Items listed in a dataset
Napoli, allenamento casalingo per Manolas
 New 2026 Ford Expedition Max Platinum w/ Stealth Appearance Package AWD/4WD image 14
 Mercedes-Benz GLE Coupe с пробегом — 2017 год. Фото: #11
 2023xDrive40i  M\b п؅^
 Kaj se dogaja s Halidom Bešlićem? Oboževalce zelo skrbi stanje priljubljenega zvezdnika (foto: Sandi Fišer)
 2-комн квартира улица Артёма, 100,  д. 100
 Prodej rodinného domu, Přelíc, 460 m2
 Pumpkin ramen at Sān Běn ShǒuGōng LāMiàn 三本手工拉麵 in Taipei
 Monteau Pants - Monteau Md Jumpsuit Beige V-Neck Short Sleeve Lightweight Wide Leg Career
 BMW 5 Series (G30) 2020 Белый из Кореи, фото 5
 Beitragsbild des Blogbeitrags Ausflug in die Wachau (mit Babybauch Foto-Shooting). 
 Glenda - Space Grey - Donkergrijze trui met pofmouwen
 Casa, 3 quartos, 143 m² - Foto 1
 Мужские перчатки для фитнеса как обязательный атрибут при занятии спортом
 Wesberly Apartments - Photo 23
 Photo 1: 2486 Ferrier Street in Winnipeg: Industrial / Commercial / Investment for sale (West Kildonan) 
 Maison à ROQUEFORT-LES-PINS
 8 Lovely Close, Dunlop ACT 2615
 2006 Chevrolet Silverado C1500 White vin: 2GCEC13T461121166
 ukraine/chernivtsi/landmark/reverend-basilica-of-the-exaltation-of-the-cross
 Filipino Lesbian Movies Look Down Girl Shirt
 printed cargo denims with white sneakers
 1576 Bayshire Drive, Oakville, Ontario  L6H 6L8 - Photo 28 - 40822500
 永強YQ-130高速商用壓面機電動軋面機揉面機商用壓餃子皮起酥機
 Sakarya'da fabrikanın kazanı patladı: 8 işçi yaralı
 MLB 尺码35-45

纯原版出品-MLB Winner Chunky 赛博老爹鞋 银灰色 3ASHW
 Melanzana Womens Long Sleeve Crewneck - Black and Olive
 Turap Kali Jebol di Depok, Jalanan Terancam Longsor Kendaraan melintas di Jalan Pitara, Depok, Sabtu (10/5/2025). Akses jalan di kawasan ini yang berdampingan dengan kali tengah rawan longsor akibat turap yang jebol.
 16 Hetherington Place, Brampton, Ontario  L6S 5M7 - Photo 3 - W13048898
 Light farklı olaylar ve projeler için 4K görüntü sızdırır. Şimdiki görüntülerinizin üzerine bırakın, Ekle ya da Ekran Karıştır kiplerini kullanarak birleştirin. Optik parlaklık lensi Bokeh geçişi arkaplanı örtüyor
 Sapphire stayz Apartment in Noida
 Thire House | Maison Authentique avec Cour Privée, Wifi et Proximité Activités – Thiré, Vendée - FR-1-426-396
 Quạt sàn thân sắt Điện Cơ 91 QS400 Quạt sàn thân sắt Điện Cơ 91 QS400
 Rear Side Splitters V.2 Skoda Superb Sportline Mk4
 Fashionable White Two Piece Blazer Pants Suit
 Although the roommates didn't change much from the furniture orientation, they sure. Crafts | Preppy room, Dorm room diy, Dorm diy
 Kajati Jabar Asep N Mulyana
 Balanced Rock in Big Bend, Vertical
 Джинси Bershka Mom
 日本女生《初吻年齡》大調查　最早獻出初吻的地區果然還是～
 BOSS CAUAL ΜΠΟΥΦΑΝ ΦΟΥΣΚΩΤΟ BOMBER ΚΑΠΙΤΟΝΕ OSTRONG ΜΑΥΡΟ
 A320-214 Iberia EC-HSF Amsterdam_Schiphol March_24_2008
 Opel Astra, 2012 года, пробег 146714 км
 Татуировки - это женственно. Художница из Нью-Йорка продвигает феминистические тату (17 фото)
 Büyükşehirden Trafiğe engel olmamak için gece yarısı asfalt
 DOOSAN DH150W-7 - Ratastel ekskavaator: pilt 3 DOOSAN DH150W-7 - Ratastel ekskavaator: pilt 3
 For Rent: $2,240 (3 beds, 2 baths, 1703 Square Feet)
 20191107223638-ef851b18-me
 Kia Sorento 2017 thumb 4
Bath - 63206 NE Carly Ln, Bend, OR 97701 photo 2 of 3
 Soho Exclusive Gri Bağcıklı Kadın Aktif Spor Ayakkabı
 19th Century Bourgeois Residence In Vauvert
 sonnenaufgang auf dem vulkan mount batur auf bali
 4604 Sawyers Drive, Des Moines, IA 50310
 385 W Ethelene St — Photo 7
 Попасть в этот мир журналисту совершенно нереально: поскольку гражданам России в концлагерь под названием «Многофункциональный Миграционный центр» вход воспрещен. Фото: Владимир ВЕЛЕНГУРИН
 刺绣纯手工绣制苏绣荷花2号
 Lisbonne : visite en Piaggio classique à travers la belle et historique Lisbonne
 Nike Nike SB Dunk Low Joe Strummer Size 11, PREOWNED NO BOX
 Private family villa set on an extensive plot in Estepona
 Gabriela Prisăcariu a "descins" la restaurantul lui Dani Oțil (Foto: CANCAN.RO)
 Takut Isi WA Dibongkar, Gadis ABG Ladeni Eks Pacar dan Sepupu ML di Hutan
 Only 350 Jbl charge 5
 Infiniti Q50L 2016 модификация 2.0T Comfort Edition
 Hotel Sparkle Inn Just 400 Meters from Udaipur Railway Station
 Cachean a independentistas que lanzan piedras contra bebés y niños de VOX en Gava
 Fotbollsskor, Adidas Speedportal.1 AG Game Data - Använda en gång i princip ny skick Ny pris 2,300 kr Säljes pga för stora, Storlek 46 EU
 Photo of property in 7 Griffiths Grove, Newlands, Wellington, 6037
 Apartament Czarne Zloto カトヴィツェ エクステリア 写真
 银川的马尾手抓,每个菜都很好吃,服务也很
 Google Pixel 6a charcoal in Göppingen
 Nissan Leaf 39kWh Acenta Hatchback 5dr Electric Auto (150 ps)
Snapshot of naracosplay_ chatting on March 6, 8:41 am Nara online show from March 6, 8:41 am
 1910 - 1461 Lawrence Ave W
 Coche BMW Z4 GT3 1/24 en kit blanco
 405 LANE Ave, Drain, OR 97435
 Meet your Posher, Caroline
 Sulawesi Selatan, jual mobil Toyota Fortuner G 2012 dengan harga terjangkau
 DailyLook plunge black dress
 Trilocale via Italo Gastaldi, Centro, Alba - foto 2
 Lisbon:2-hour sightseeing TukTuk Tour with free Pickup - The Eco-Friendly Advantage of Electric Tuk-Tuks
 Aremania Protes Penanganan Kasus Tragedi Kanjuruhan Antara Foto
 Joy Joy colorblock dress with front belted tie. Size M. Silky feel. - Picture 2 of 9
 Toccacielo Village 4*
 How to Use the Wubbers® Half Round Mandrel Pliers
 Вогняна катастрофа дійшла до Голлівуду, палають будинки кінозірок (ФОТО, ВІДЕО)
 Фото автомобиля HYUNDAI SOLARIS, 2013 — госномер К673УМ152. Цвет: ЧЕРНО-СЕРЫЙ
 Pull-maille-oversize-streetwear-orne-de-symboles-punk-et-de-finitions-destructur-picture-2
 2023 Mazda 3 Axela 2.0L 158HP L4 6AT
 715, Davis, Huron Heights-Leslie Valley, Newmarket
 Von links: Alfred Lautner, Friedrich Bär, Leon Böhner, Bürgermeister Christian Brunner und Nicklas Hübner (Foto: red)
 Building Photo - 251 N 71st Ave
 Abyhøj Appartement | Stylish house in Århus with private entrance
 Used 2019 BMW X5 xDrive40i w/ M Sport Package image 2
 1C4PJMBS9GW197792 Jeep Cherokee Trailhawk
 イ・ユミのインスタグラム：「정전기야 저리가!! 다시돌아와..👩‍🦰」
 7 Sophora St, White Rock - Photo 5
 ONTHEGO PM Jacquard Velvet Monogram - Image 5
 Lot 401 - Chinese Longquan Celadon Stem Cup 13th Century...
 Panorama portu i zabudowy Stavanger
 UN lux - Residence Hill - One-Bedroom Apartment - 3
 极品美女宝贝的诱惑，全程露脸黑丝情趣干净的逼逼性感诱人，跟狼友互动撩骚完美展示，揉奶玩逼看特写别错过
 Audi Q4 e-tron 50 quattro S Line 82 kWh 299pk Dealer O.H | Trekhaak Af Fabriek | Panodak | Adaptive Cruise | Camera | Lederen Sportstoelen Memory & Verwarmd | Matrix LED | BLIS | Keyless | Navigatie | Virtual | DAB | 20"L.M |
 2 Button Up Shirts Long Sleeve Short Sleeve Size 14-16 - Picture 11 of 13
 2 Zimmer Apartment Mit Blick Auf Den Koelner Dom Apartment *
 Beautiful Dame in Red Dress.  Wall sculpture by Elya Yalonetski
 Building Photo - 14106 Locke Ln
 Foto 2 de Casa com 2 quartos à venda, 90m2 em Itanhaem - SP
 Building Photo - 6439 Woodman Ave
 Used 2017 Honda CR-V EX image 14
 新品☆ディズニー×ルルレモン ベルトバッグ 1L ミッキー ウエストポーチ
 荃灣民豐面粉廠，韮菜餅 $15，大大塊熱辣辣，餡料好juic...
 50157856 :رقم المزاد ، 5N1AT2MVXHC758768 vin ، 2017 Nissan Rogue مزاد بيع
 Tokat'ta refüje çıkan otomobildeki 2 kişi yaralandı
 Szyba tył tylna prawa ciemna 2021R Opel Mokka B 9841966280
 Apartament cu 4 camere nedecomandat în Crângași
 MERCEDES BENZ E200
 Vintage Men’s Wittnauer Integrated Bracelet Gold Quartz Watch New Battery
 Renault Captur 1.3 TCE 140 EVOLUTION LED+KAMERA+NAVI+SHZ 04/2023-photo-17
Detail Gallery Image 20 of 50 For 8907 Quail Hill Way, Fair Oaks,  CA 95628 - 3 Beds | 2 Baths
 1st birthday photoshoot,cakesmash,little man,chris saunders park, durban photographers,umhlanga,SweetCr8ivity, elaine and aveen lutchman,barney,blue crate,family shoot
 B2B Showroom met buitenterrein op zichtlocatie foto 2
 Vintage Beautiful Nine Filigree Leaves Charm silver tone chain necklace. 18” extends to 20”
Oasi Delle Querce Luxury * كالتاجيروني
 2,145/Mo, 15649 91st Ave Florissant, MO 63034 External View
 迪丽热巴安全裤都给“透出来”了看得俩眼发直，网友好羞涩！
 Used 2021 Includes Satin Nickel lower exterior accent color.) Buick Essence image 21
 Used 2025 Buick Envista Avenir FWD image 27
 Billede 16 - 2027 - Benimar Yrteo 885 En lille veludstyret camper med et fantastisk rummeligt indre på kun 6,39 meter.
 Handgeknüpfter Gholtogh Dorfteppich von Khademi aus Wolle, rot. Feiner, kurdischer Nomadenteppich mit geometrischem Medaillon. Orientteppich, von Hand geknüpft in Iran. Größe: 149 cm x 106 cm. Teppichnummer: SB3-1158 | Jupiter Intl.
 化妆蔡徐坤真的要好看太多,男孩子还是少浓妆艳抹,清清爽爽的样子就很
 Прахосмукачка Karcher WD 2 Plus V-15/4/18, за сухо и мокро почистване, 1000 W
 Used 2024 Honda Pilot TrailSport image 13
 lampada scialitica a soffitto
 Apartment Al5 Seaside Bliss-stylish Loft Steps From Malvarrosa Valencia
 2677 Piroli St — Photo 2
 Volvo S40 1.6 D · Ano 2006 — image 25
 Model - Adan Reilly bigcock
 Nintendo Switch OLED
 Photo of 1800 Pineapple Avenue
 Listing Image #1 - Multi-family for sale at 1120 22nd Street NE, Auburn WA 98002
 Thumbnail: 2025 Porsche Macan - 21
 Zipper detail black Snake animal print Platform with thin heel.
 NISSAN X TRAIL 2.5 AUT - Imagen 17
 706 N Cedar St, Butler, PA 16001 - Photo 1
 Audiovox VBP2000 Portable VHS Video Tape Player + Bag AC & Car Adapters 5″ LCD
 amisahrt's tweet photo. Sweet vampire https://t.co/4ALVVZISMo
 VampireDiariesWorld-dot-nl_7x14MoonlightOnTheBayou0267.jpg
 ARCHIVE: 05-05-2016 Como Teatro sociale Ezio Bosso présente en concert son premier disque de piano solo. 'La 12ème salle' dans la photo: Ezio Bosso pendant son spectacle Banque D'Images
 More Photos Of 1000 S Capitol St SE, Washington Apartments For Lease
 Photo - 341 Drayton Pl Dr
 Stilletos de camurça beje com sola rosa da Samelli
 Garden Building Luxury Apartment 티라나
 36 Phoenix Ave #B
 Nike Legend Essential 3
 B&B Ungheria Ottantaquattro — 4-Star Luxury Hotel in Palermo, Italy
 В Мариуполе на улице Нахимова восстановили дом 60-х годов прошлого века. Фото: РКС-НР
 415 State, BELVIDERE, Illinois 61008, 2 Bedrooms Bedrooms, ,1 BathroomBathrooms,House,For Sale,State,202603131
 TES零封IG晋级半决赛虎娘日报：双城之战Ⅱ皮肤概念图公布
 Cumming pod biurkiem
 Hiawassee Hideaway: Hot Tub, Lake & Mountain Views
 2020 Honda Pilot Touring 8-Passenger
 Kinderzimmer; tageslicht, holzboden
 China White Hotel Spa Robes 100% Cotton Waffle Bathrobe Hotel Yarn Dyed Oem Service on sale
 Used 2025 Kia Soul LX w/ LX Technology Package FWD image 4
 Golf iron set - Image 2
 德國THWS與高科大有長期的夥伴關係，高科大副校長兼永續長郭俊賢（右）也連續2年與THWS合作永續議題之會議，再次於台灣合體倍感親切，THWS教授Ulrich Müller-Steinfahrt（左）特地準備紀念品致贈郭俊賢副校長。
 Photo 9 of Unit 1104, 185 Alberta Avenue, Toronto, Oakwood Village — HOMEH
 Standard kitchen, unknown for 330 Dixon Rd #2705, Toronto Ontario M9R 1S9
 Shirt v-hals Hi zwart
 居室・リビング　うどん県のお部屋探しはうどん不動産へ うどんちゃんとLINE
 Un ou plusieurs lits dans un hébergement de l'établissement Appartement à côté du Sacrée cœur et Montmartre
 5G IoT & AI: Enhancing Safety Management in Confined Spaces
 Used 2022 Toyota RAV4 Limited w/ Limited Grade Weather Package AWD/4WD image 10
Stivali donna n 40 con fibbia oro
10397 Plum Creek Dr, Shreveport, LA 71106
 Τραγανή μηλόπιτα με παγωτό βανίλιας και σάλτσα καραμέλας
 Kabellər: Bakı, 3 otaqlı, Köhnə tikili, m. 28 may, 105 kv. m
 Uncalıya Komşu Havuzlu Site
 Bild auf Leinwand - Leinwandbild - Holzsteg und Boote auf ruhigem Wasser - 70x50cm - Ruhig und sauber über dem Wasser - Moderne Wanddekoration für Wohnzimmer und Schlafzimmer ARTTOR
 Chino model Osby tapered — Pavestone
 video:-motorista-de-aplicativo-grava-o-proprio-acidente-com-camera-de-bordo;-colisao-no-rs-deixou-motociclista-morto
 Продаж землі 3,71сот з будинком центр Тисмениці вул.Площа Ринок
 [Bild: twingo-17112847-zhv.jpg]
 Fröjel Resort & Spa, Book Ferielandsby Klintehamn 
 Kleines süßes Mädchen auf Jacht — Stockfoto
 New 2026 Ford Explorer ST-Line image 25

*Exercise details*.
All lines above from the one containing "Trilocale via Italo" to the one containing "Tokat'ta refüje çıkan" must be repeated exactly, both lines included, and no others.

*Result of this task*.
 Trilocale via Italo Gastaldi, Centro, Alba - foto 2
 Lisbon:2-hour sightseeing TukTuk Tour with free Pickup - The Eco-Friendly Advantage of Electric Tuk-Tuks
 Aremania Protes Penanganan Kasus Tragedi Kanjuruhan Antara Foto
 Joy Joy colorblock dress with front belted tie. Size M. Silky feel. - Picture 2 of 9
 Toccacielo Village 4*
 How to Use the Wubbers® Half Round Mandrel Pliers
 Вогняна катастрофа дійшла до Голлівуду, палають будинки кінозірок (ФОТО, ВІДЕО)
 Фото автомобиля HYUNDAI SOLARIS, 2013 — госномер К673УМ152. Цвет: ЧЕРНО-СЕРЫЙ
 Pull-maille-oversize-streetwear-orne-de-symboles-punk-et-de-finitions-destructur-picture-2
 2023 Mazda 3 Axela 2.0L 158HP L4 6AT
 715, Davis, Huron Heights-Leslie Valley, Newmarket
 Von links: Alfred Lautner, Friedrich Bär, Leon Böhner, Bürgermeister Christian Brunner und Nicklas Hübner (Foto: red)
 Building Photo - 251 N 71st Ave
 Abyhøj Appartement | Stylish house in Århus with private entrance
 Used 2019 BMW X5 xDrive40i w/ M Sport Package image 2
 1C4PJMBS9GW197792 Jeep Cherokee Trailhawk
 イ・ユミのインスタグラム：「정전기야 저리가!! 다시돌아와..👩‍🦰」
 7 Sophora St, White Rock - Photo 5
 ONTHEGO PM Jacquard Velvet Monogram - Image 5
 Lot 401 - Chinese Longquan Celadon Stem Cup 13th Century...
 Panorama portu i zabudowy Stavanger
 UN lux - Residence Hill - One-Bedroom Apartment - 3
 极品美女宝贝的诱惑，全程露脸黑丝情趣干净的逼逼性感诱人，跟狼友互动撩骚完美展示，揉奶玩逼看特写别错过
 Audi Q4 e-tron 50 quattro S Line 82 kWh 299pk Dealer O.H | Trekhaak Af Fabriek | Panodak | Adaptive Cruise | Camera | Lederen Sportstoelen Memory & Verwarmd | Matrix LED | BLIS | Keyless | Navigatie | Virtual | DAB | 20"L.M |
 2 Button Up Shirts Long Sleeve Short Sleeve Size 14-16 - Picture 11 of 13
 2 Zimmer Apartment Mit Blick Auf Den Koelner Dom Apartment *
 Beautiful Dame in Red Dress.  Wall sculpture by Elya Yalonetski
 Building Photo - 14106 Locke Ln
 Foto 2 de Casa com 2 quartos à venda, 90m2 em Itanhaem - SP
 Building Photo - 6439 Woodman Ave
 Used 2017 Honda CR-V EX image 14
 新品☆ディズニー×ルルレモン ベルトバッグ 1L ミッキー ウエストポーチ
 荃灣民豐面粉廠，韮菜餅 $15，大大塊熱辣辣，餡料好juic...
 50157856 :رقم المزاد ، 5N1AT2MVXHC758768 vin ، 2017 Nissan Rogue مزاد بيع
 Tokat'ta refüje çıkan otomobildeki 2 kişi yaralandı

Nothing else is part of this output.